What do all of you do with your acquired collections of cameras?  Are they neatly packed into a case and hidden away... or some bank vault.. gun/rifle cabinet?  Are they on display?  If so, what do you use as a display case?  Is it tucked in a corner or one of the highlights of a particular room?  

My cameras were spread throughout the house.. on book shelves here and there...a few on a desk... some on a window sill.  The wife said she would rather have them in one area so I set out to find an inexpensive glass display case.  I found this:







at ikea and it only costs about $60 bucks.  I ended up buying two on two different occasions and the cameras are slowly finding their home in them.  I've got a few clear acrylic stand/risers from ebay on the way to take advantage of the large space between the shelves... and present the stuff a little better.  Keeps the dust off and makes it easy for  me to grab and go...


----------



## usayit (Apr 26, 2008)

A quick snap of the first shelf:


----------



## alexkerhead (Apr 27, 2008)

Looks nice! I love that Asahiflex!

Mine are in a display case mounted to the wall over my piano.
The lesser-quality cameras are in a tall-floor case, which I will take a pic of later.

Here is the wall-mount.


----------



## usayit (Apr 27, 2008)

Very Nice Collection!!!

I see a few "escaped"...  time for another case to be installed..

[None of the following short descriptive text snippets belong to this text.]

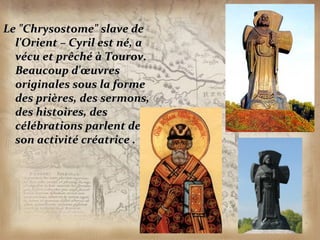 Le "Chrysostome" slave de
  l'Orient – Cyril est né, a
  vécu et prêché à Tourov.
  Beaucoup d'œuvres
  originales sous la forme
  des prières, des sermons,
  des histoires, des
  célébrations parlent de
  son activité créatrice .
 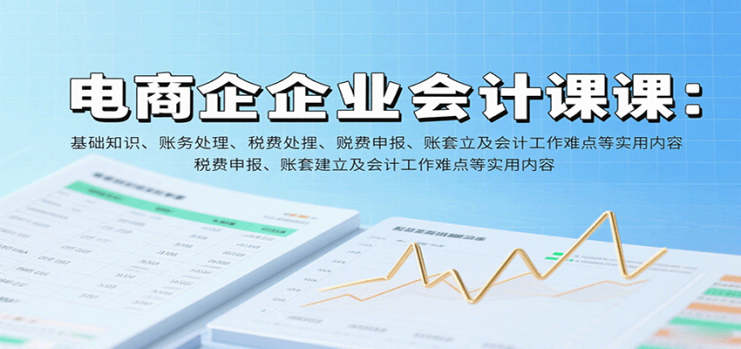 电商企业会计课：基础知识、账务处理、税费申报、账套建立及会计工作难点等实用内容_生财有道创业网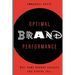 Optimal Brand Performance: Why Some Brands Succeed and Others Fail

oooOOOooo Rolleiflexes (or cords?), I've been saving up for one for a while now.


----------



## Mitica100 (Apr 27, 2008)

Very nice displays! I'm still working on mine, if I can find some room!


----------



## nealjpage (Apr 27, 2008)

Haha.  I'm working on buying a house--it's an elaborate scheme just to have a darkroom and a place to display the gear.  In my current apartment they're strewn about.


----------



## alexkerhead (Apr 28, 2008)

usayit said:


> Very Nice Collection!!!
> 
> I see a few "escaped"...  time for another case to be installed..
> 
> oooOOOooo Rolleiflexes (or cords?), I've been saving up for one for a while now.



No rolleis. 

There is a Minolta autocord, yashica-A, and a Kodak Reflex pictured. I have recently acquired a Yashica-MAT and an argoflex(the good one) as well.


----------



## usayit (Apr 28, 2008)

Ah... hehehe...  

Just like there is a Rollei somewhere with my name on it, I'm sure there's one out there just waiting to for you too...


----------



## randerson07 (Apr 29, 2008)

Im not what this is worth but I thought Ive seen them go for more on ebay. 
You both seem to have an interest in them so have a look
http://photography-on-the.net/forum/showthread.php?t=494970


----------



## usayit (Apr 29, 2008)

thanks for the temptation!!!  hehehe lol.
I PM'd him/her but someone beat me to it already


----------



## randerson07 (Apr 29, 2008)

since someone got it already, i suppose it was a good deal. What do those normally go for I didnt see any on ebay when i looked today, just a bunch of IV and V's


----------



## usayit (Apr 29, 2008)

I wasn't planning on going much more than he posted... but I was willing to be flexible.  My true aim is for a Rolleiflex but I still wouldn't mind getting my feet wet with a Rolleicord.


----------



## terri (Apr 30, 2008)

Hey, I really like that stand idea. Mine are displayed on a low table in my studio, open. I'd rather they be kept in a less dusty environment, but haven't really taken time to look for anything. 

I also take them along when I get a booth at arts festivals and set up a display there. People love them, and I've had some wonderful chats surrounding them. It's amazing what a good vibe a few old Brownies put out!


----------